CIFAR10-H Category Soft Labels

  • this table shows the soft labels as a confusion matrix
class 0 1 2 3 4 5 6 7 8 9
0 0.9482 0.008 0.0111 0.0023 0.0013 0.0013 0.0028 0.0013 0.0202 0.0036
1 0.0027 0.9684 0.0007 0.0016 0.0011 0.0008 0.0006 0.0005 0.001 0.0225
2 0.0039 0.001 0.9443 0.012 0.0098 0.0086 0.0132 0.004 0.0024 0.0008
3 0.0016 0.0015 0.0143 0.9119 0.0075 0.0427 0.0133 0.0036 0.0021 0.0015
4 0.0016 0.001 0.0113 0.0096 0.9019 0.0209 0.0074 0.0434 0.0017 0.0012
5 0.0007 0.0005 0.0058 0.0348 0.0037 0.9459 0.0031 0.0038 0.0008 0.0008
6 0.0006 0.0003 0.0116 0.014 0.0058 0.0066 0.9581 0.0014 0.0009 0.0006
7 0.0012 0.0006 0.0026 0.0019 0.0079 0.0074 0.0006 0.9756 0.0009 0.0012
8 0.0116 0.0035 0.0022 0.0019 0.0011 0.0012 0.0023 0.0008 0.9691 0.0064
9 0.0018 0.0242 0.0007 0.0011 0.0008 0.001 0.0007 0.0012 0.0043 0.9641

Human-Based Rejection

  • this figure shows the accuracy-rejection curve for a model evaluated on CIFAR10 test set
  • the second curve is a counterfactual that uses the same predictions, paired with the uncertainty values computed from the human annotations
images/ARC_total_unct_test_cifar10_with_cfh_r3767.png
Fig: ARC for total uncertainty on CIFAR10.2 as OOD set

Appendix B: Failure Cases I

  • Deep ensemble of 15 ConvNeXt models, cross-entropy loss, no calibration loss
images/ARC_total_unct_OOD_cifar10_2_r3750.png
Fig: ARC for total uncertainty on CIFAR10.2 as OOD set

Failure cases: Repulsive Deep Ensemble

  • Same hyper params as before, but trained as a repulsive ensemble
images/ARC_total_unct_OOD_cifar10_2_r3749.png
Fig: ARC for total uncertainty on CIFAR10.2 as OOD set
  • This ARC is completely flat, because all samples from the validation set got almost identical uncertainty (0.968-0.999, same for testing) and all OOD samples had lower uncertainty (0.0-0.93)

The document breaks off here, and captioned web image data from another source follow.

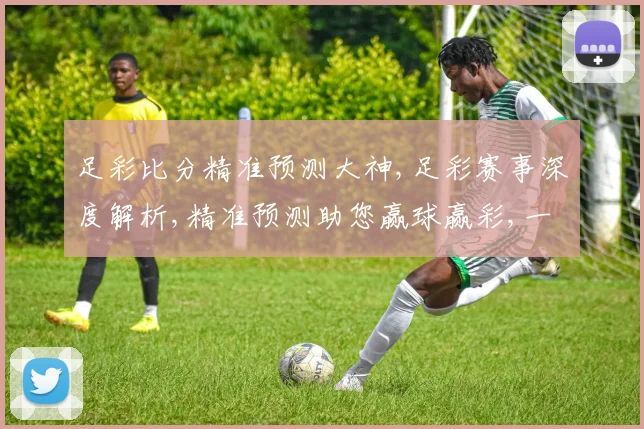 足彩比分精准预测大神,足彩赛事深度解析,精准预测助您赢球赢彩,一网打尽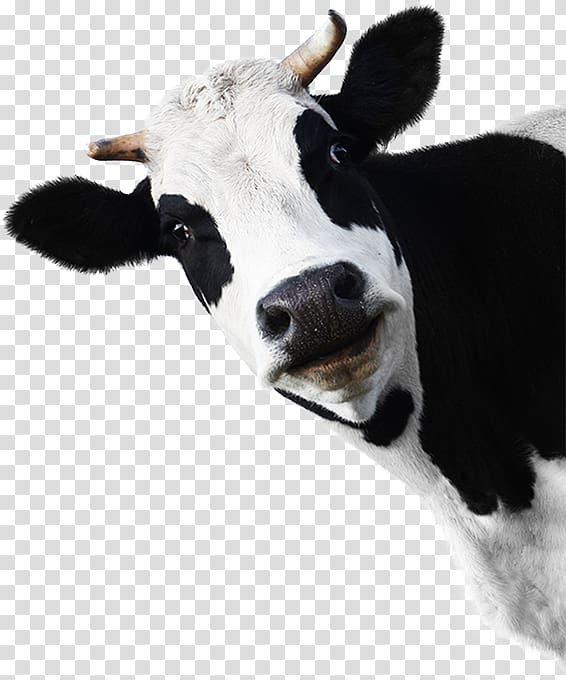 Holstein Friesian cattle Milk Farm Dairy cattle Live, milk transparent background PNG clipart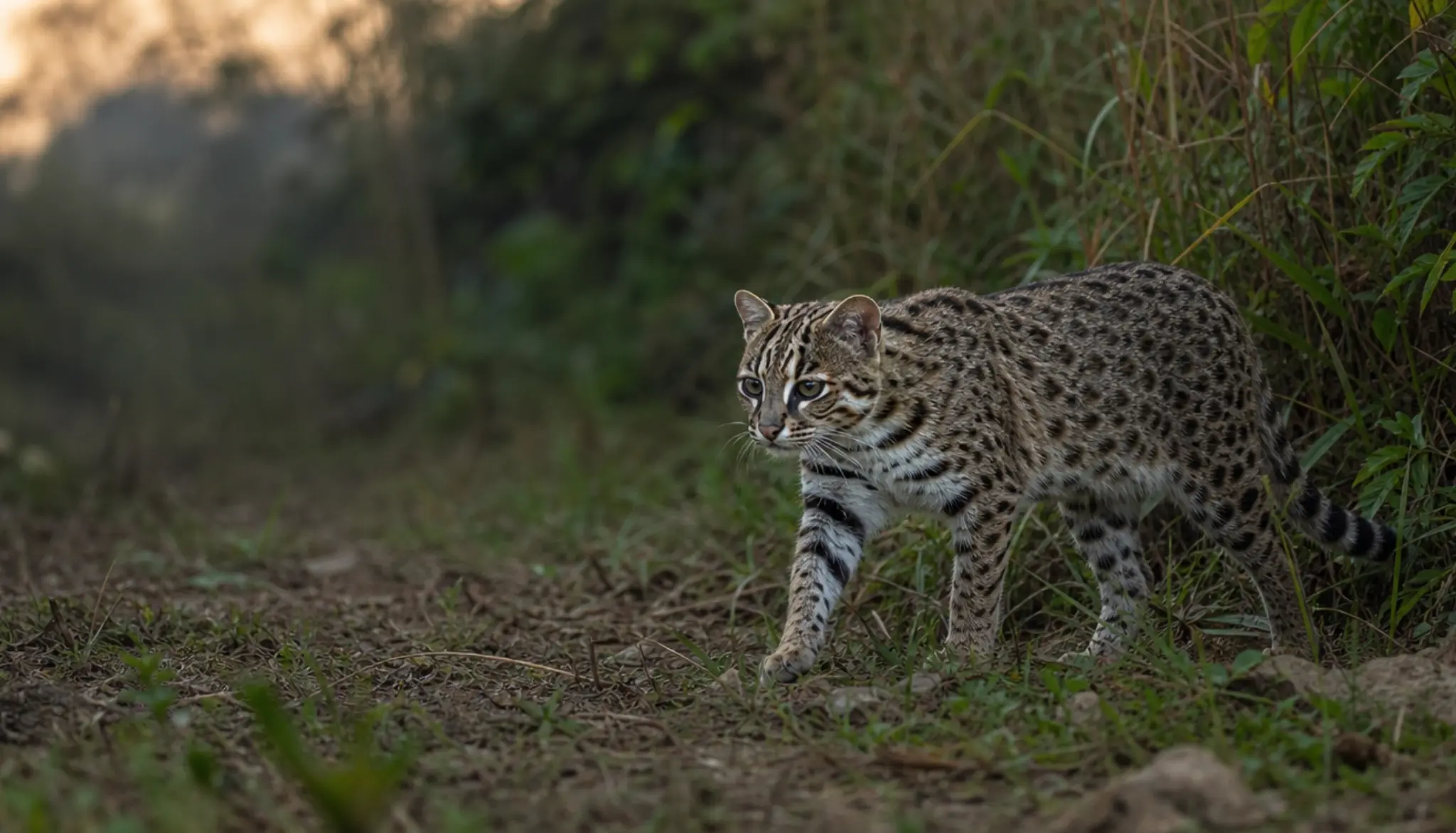 leopard cat walking through a grassy asian forest edge at dusk with its spotted coat clearly visible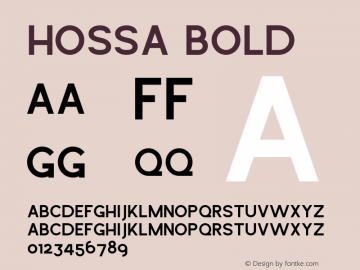 Hossa Bold Version 1.000;PS 001.000;hotconv 1.0.88;makeotf.lib2.5.64775 Font Sample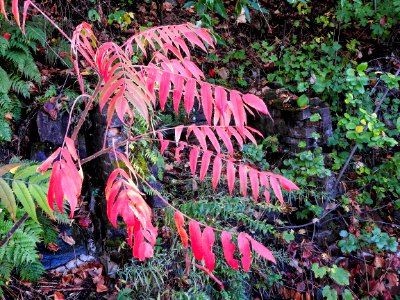 Nature 636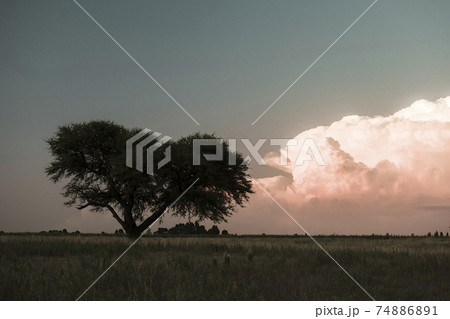Calden Tree, Landscape,Pampas 74886891
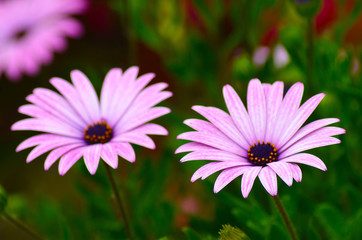 Obraz premium l'Osteospermum .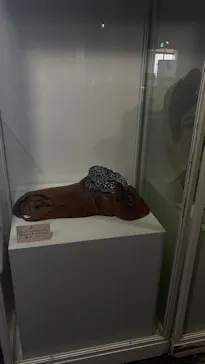 おきなわワールドに投稿された画像（2026/3/17）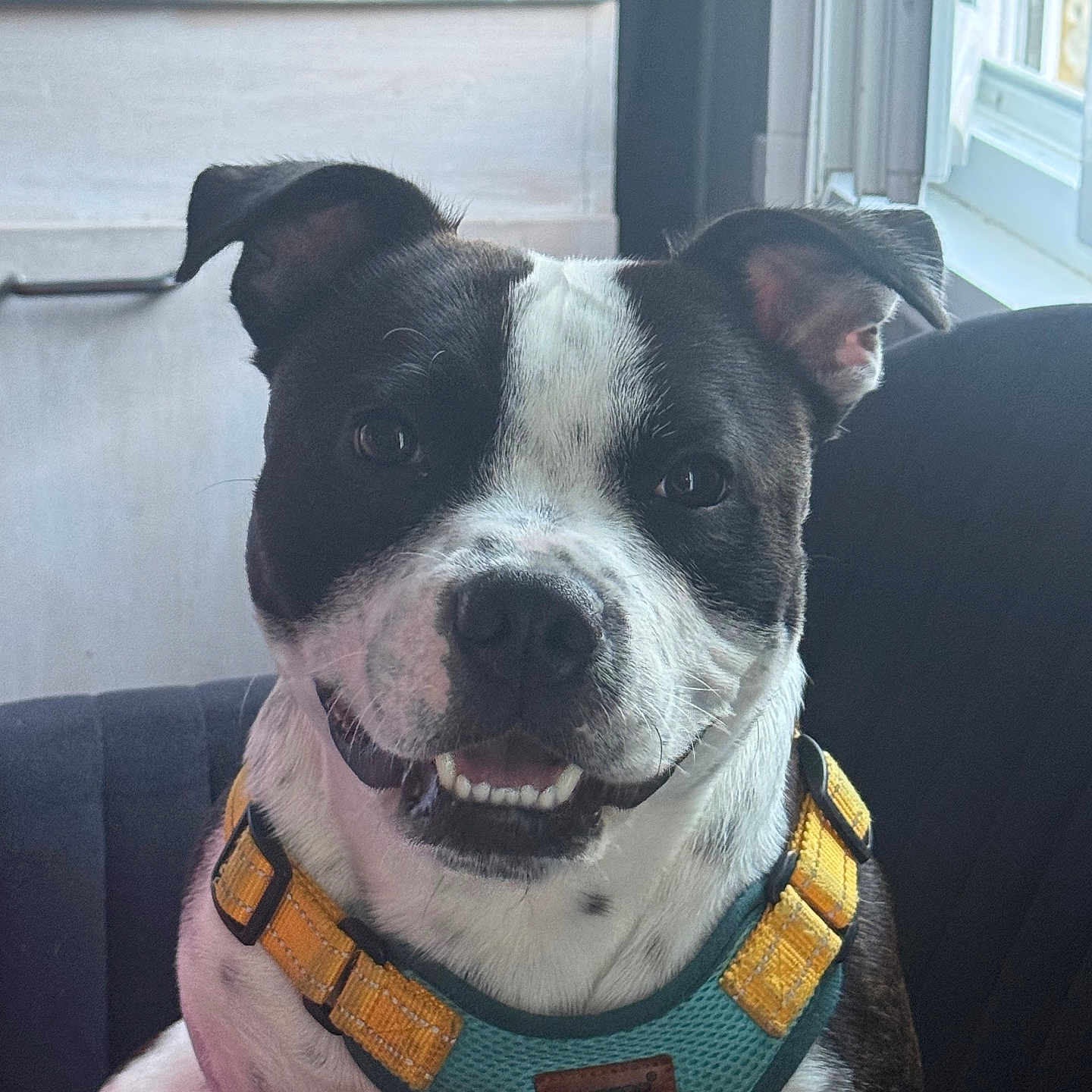 Aiko Dixon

Appendix B: Failure Cases II

  • Deep ensemble of 5 WideResNet-28-10 models, cross-entropy loss, SB-MCE calibration loss, soft category targets, ReLU activation (best of its kind!)
  • counter-productive UQ!
images/ARC_total_unct_test_cifar10_r3753.png
Fig: ARC for total uncertainty on CIFAR10 test set

Failure Cases: GELU activation

  • Same hyper params as before, only changed the activation function to GELU
  • almost identical performance metrics… yet:
images/ARC_total_unct_test_cifar10_r3764.png
Fig: ARC for total uncertainty on CIFAR10 test set
  • This may be some kind of bug: After re-calculating the evaluation (-d -w -e -o cifar10_2) the results looked normal. What may have caused these weirdly narrow UQ values? What causes them to be completely different when using eval_run.py instead of relying on the evaluation just after train_model.py?